Chapter Twenty-seven #2

His words land with the force of a slap across my face. A surge of anger engulfs me, and my heart dives into a Jacuzzi of hot sauce. “That’s why we broke up? That’s why we broke up?”

Countless sleepless nights, tears, and confusion over such a stupid reason.

How could he be so stupid?

“Flora, I don’t know what to say. I’m so sorry. I thought I saw you kissing and I jumped to conclusions.”

The heat rises in my chest, a tide of frustration and hurt. Tears well up and tickle the edge of my eyes. I stand up, and he rises to his feet too. “You don’t trust me at all! And you thought I was a cheater! I may not be a saint like you, but I’ve never cheated in my life!”

“I wanted to trust you.
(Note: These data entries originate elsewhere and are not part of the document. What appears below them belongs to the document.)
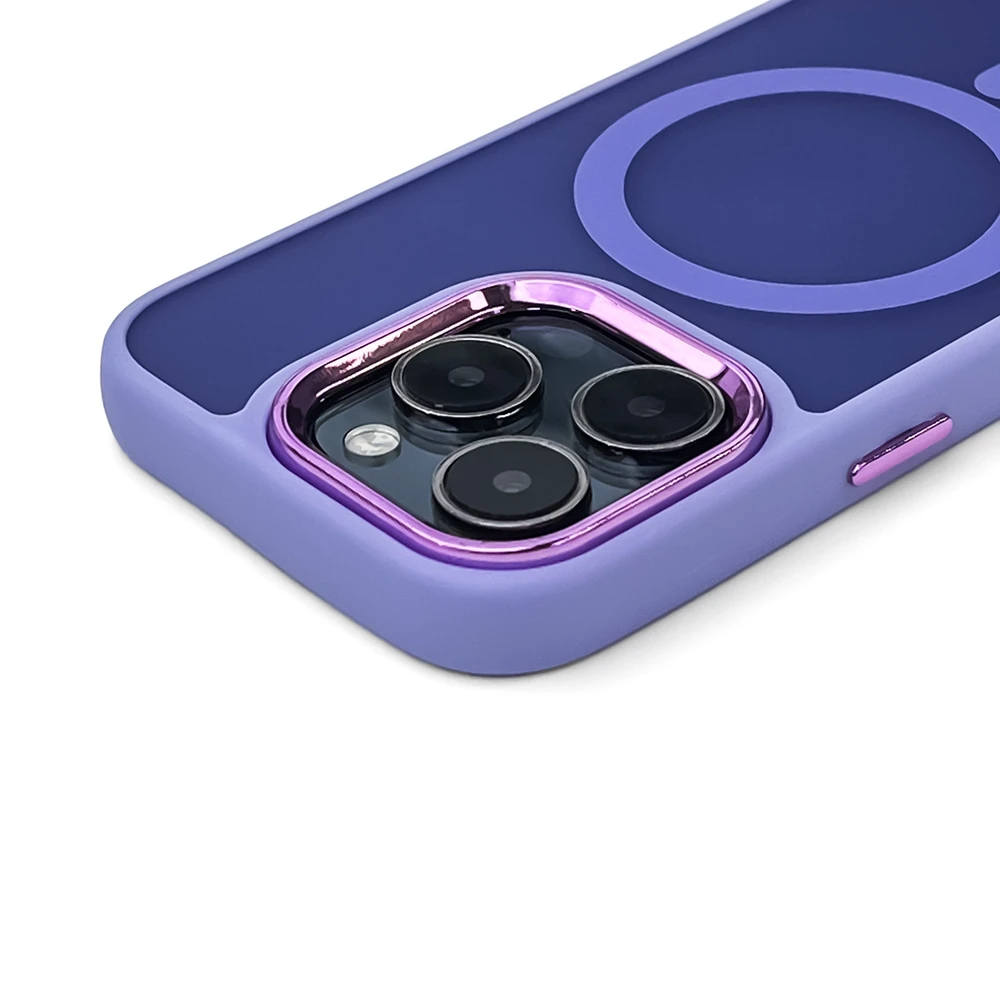 Wozinsky Fashion with MagSafe for Samsung Galaxy S24 FE – dėklas telefonui violetinės spalvos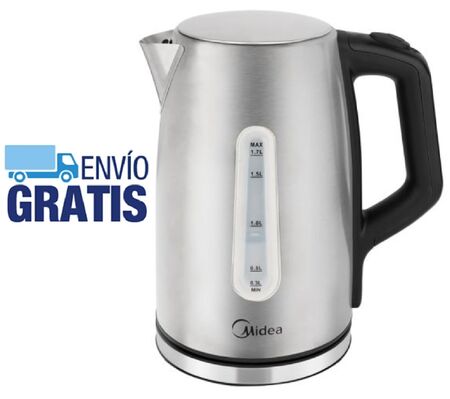 Pava Eléctrica Inox Midea 1.7L EK-DC17XAR1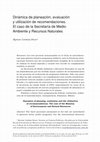 Research paper thumbnail of Dinámica de planeación, evaluación y utilización de recomendaciones: el caso de la Secretaría de Medio Ambiente y Recursos Naturales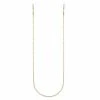 Machete Petite Paperclip Sunglass + Mask Chain In Gold Eyewear Chains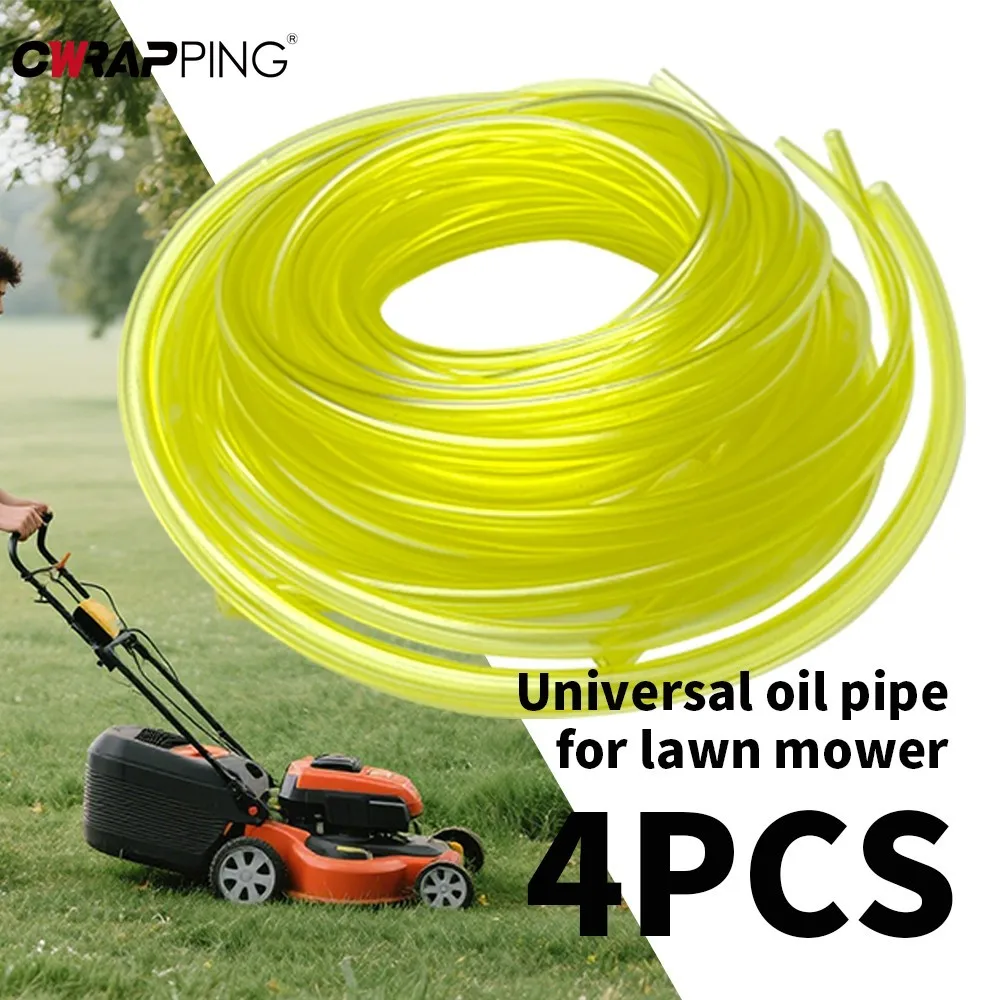 

2m 4Pcs Petrol Fuel Pipe Line Hose for Lawn Mower Parts Fiue Pipe Strimmers Trimmer Blower Brushcutter Gas Petrol Line Pipe Hose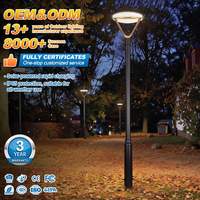 Lampes solaires LED d'extérieur sur poteau haut, étanches IP65, en aluminium moulé sous pression, 30W/50W, personnalisables, avec capteur de mouvement et batterie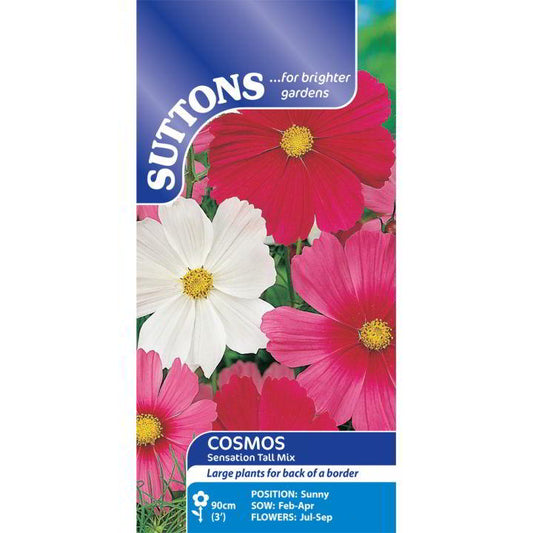 Suttons Cosmos Sensation Tall Mix Seeds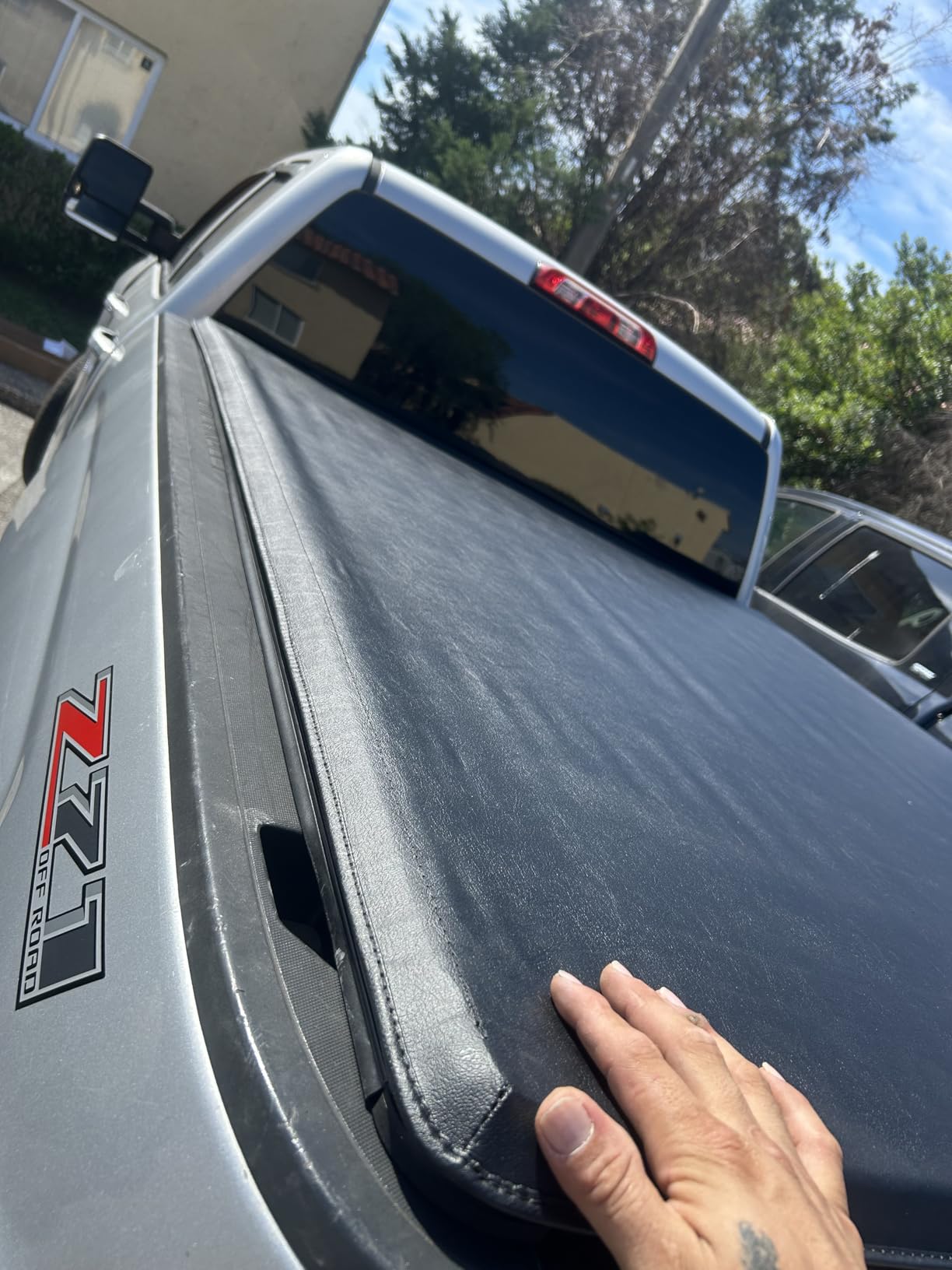 Tonneau Cover for 14-26 Silverado/Sierra 1500/15-19 HD, 6.5 ft Bed | Soft roll-up tonneau cover for 2014-2026 Chevy Silverado/GMC Sierra 1500 and 2015-2019 2500HD/3500HD, 6.5 ft bed customer photo 1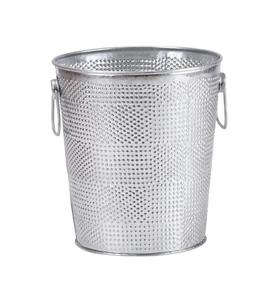 Jardinière galvanisée en métal de conception rustique de qualité supérieure Texture fantaisie Pots et jardinière galvanisés de style brillant - Product Image 5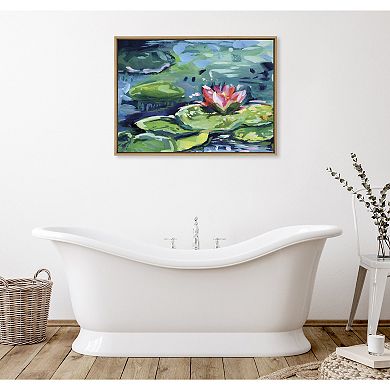 Sylvie Lily Pad By The Shore Framed Canvas by Rachel Christopoulos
But why did you have to lie to me?”

“Why didn’t you just ask me?”

Sean lets out a frustrated grunt. He tugs on my wrist, but I step back.

Does he know how many times I cried for him? How I replayed our broken relationship, picking it apart shred by shred, trying to figure out what I did wrong? I spent my days shifting blame, first onto myself, then onto him, then back onto me again.

I drifted through summer in an empty shell, wondering if I was nothing more than a mistake to him. And when he got injured, I wasn’t allowed to be near him. I was forced to fret in silence, when no one was watching.

The tears spill freely. Sean apologizes about eight billion times between my angry sobs and accusations, until it sounds like a mantra. “I’m so sorry,” he says again. “It’s all my fault. I made a mess of everything.”

“It is all your fault!”

He tries putting his arms around me, and I let him, too exhausted to push him away.

“I didn’t ask because . . .” He lowers his eyes, and his voice cracks.

“. . . because it hurt too much to talk about it. I’d never fallen this hard for anyone, and I was terrified that I meant nothing to you.

I couldn’t handle it. It freaked me out, being that vulnerable.

I didn’t want the details. I wanted to walk away with whatever dignity I had left. ”

A hot guy with a little bit of insecurity is so . . . hot.

“And when I finally decided to approach you,” he says, “you told me I bored you to tears and you wasted four months of your life on me. Then you tossed the key chain and started seeing Liam Turner. Two weeks after we broke up. That’s why I never brought it up. It seemed pointless.”

“I was . . . I dated Liam to get back at you,” I mumble. “I assumed you’d gotten tired of me, so I had to act like I didn’t care.”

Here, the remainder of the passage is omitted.